In this project I tried to map similar element of two images based on the feature maps of a pretrained Convolutional Neural Network. The gist of the method consists of:

  1. For two images $I_1, I_2$ we feed each image to a pretrained ConvNet (like vgg19)
  2. From the ConvNet we extract two feature maps (tensors) $L_1, L_2$ respectively of dimension $(H_1$, $W_1$, $C)$ and $(H_2$, $W_2$, $C)$ where $H_1$ is the height and $W_1$ is the width of the feature map $L_1$. Note that $C$ is the same for both images and we take feature maps after the ReLU activation ensuring that all values are positive.
  3. We flatten $L_1$ and $L_2$ to turn them into matrices of dimensions  $(H_1 * W_1$, $C)$ and $(H_2 * W_2$, $C)$
  4. We can now multiply $L_1$ with $L_2^T$ to compute the "Affinity Matrix" $A$ (see here). $A \in (H_1 * W_1, H_2 * W_2)$  

Here $A$ is a matrix that encodes, according to $C$ channels, how each values at a certain position are correlated across all channels. This can be used directly as an indicator to know which pixel are similar (since the feature map maps to a region of pixels, it's just down-scaled).

To illustrate this "pixel correlation", imagine we compute $A$ for two images. By applying a softmax to every rows of $A$ we compute which value of $L_1$ is the most similar to all other values of $L_2$ which can be mapped back to pixels in the down-scaled image. If we have a class label for one of the image, we can use it to perform segmentation on the other image. We can also do the same with multiple $A$ to get better matches.

Segmenting one image of a cat using a variable number of segmented images of cats by computing Affinity matrices with the original image and using the most similar pixel's class label

Now we can use $A$ to actually compute a mapping between both images in the following way:

  1. Apply Non Negative Matrix Factorization to A (it is fully positive so we can do it) giving two matrices: $ LR^t \approx A$  where $L \in (H_1 * W_1, K)$ and $R \in (H_2 * W_2, K)$  
  2. Reshape $L$ and $R$ to get $K$ soft mask pairs that maps semantically similar elements in both images

NMF supposedly leads to a "part based" representation which in our case will extract semantically similar elements from $A$! You can see how we are able to map the face of a cat to the face of another cat without mapping the dog, in an unsupervised manner:

A nice property is that it works for almost any image types since the model was pretrained on a dataset with a thousand classes (ImageNet):

Finally I was interested to use this mapping to "localize" Neural Style Transfer. I re-implemented the algorithm and changed the loss term to take into account which part of the image should be transferred using my mask pairs as mapping. Here is a test case where both masks were the square on the left.
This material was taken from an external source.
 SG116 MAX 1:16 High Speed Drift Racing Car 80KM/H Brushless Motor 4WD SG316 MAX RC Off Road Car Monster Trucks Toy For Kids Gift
The results were interesting but not perfect (here the loss also includes a photo realistic term from https://arxiv.org/pdf/1703.07511.pdf):

(The PhD student that supervised me during this project pushed this further and figured out that we didn't need to compute the affinity matrix at all but simply applying NMF to the feature maps of many images could lead to great semantic separation here)

Slides, github, report.

Deep Learning on Japanese Macaques:

In this project I collected many images and videos of Japanese Monkey thanks to a collaboration with Prof. Koda from the Primate Research Institute Kyoto University. Then I used my data to train classifiers for different tasks and a model to localize individuals automatically. To localize specimens, I fine-tuned a pretrained  Mask R-CNN model to detect and segment Japanese Monkeys using the my own data and annotations.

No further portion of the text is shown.